Punto de vista HELENA
Hacía años que no cruzaba esas puertas. El mármol del vestíbulo seguía impecable, las lámparas aún brillaban con ese fulgor de imperio que mi padre había construido piedra sobre piedra. Pero lo que más pesaba no eran los muros, sino las miradas.
Algunos empleados me saludaron con una calidez casi reverencial, como si todavía viera en mí a la hija del patriarca, a la joven que alguna vez recorría estos pasillos tomada de su mano.
—Señorita de la Vega —murmuró un veterano de cabello canoso, inclinando apenas la cabeza. Sus ojos tenían respeto… y un dejo de nostalgia.
Pero otros no ocultaron su reserva. Me observaban con el ceño fruncido, como quien analiza un error que amenaza con repetirse. Escuché el murmullo, el cuchicheo apenas disfrazado. La escandalosa. La mujer que mancha el apellido.
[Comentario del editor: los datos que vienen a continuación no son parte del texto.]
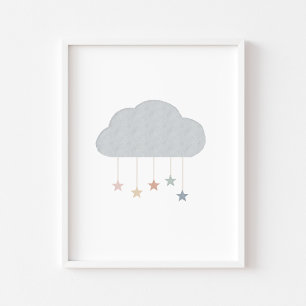 Boho Pastellwolke und Sterne drucken Poster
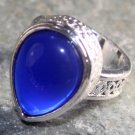 SILVER Vintage Style Royal Blue Quartz Teardrop Ring Size 9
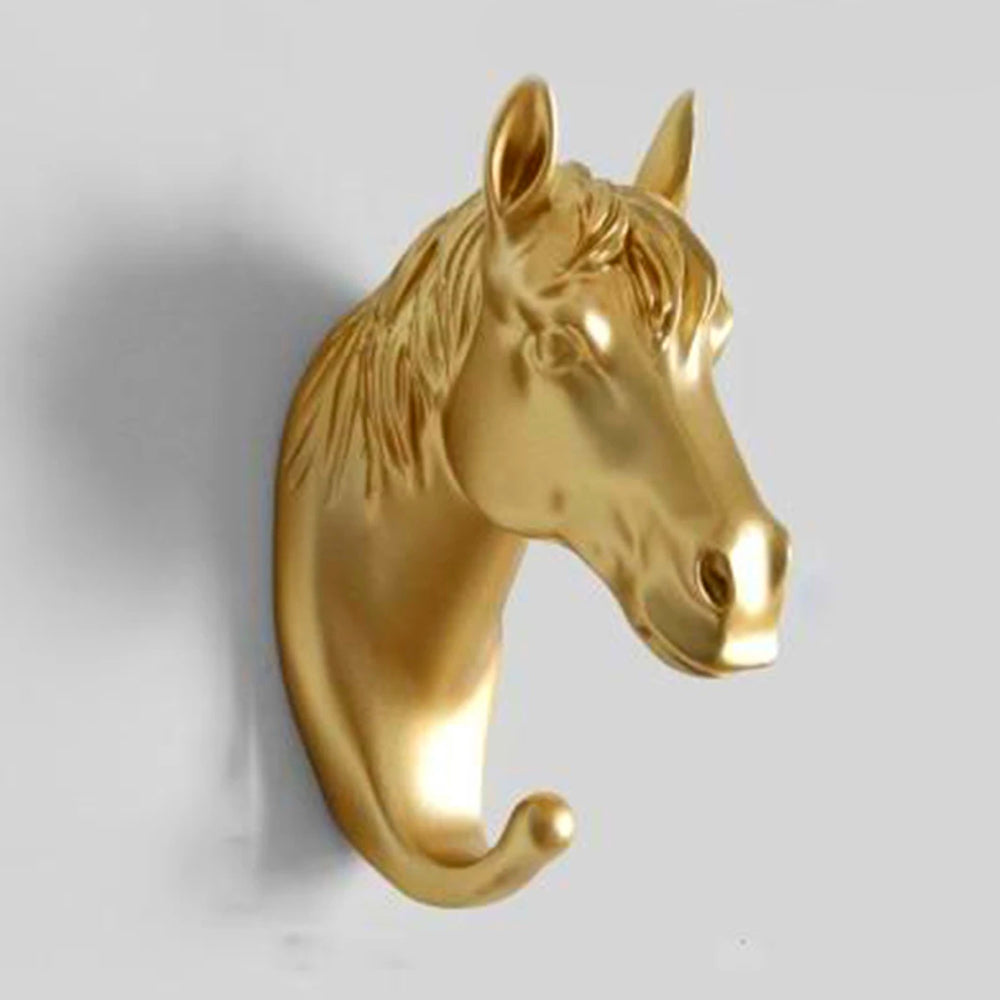 Goldener Pferdekopf-Wandhaken, dekorativ, Metall, modernes Design, Wohnaccessoire.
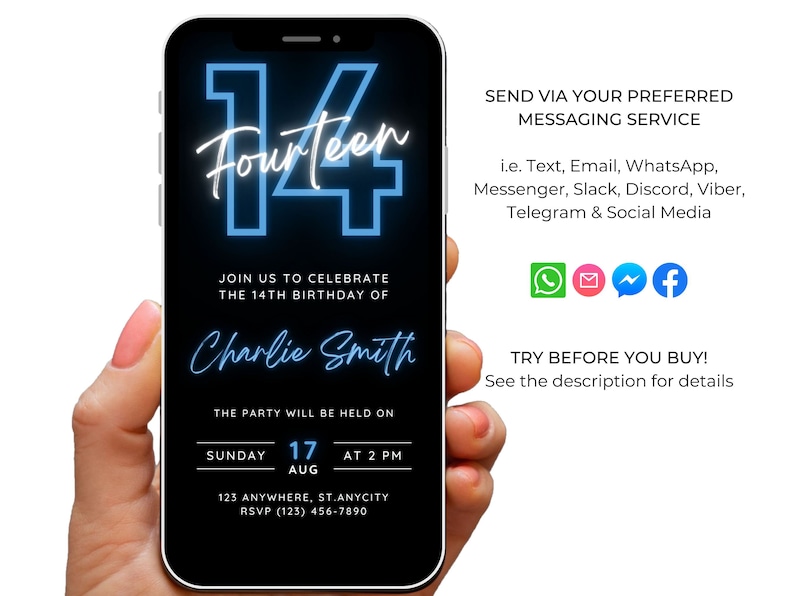 May include: A smartphone screen shows a digital invitation for a 14th birthday. The design features the word "Fourteen" in a neon blue font, the name "Charlie Smith", and party details. The phone is held against a white background.
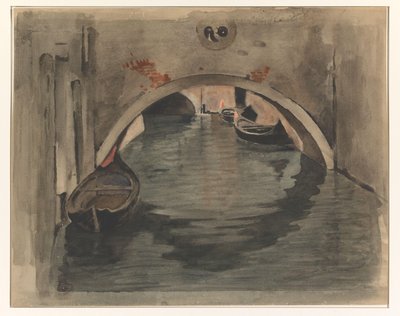 Ansicht unter einer Bogenbrücke in Venedig von Willem Arnoldus Witsen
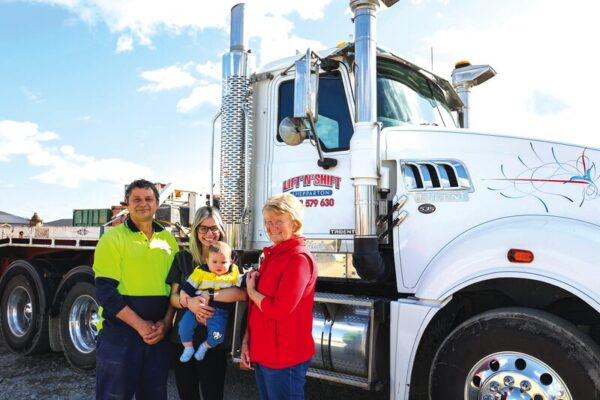 CORNERSTONE OF OUR TRANSPORT INDUSTRY...Servicing the transport needs of the Goulburn Valley for over 20 years, Lift N Shift has grown to a fleet of over 20 trucks and 20 employees. Pictured from left, foreman Frank Vivona with Marie and Leo Oliver, (daughter and grandson of owners, Tony and Julie Pastucci) and office manager Patsy Demase. Photo: Kelly Carmody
La que vuelve porque no queda más remedio.
Respiré hondo y avancé con paso firme, aunque por dentro cada mirada me pesaba como una cadena. No iba a regalarles el espectáculo de verme temblar.
Elevé la barbilla y dejé que el taconeo de mis zapatos resonara sobre el mármol como una declaración: he vuelto, y no pienso esconderme.
Punto de vista ISADORA
Helena entró al despacho con el mentón en alto, fingiendo seguridad. Creía que ese andar firme podía tapar lo que todos veíamos: la fragilidad detrás de su orgullo. Isadora se permitió una sonrisa breve; las hijas del patriarca siempre habían tenido demasiado fuego y muy poca estrategia.
—El estado de las empresas es delicado —comenzó con voz medida, acariciando los papeles sobre el escritorio como si fueran cartas ganadoras—. Los accionistas están inquietos. Tu padre ya no puede sostenerlos, y alguien debe tomar el control. Ese alguien eres tú.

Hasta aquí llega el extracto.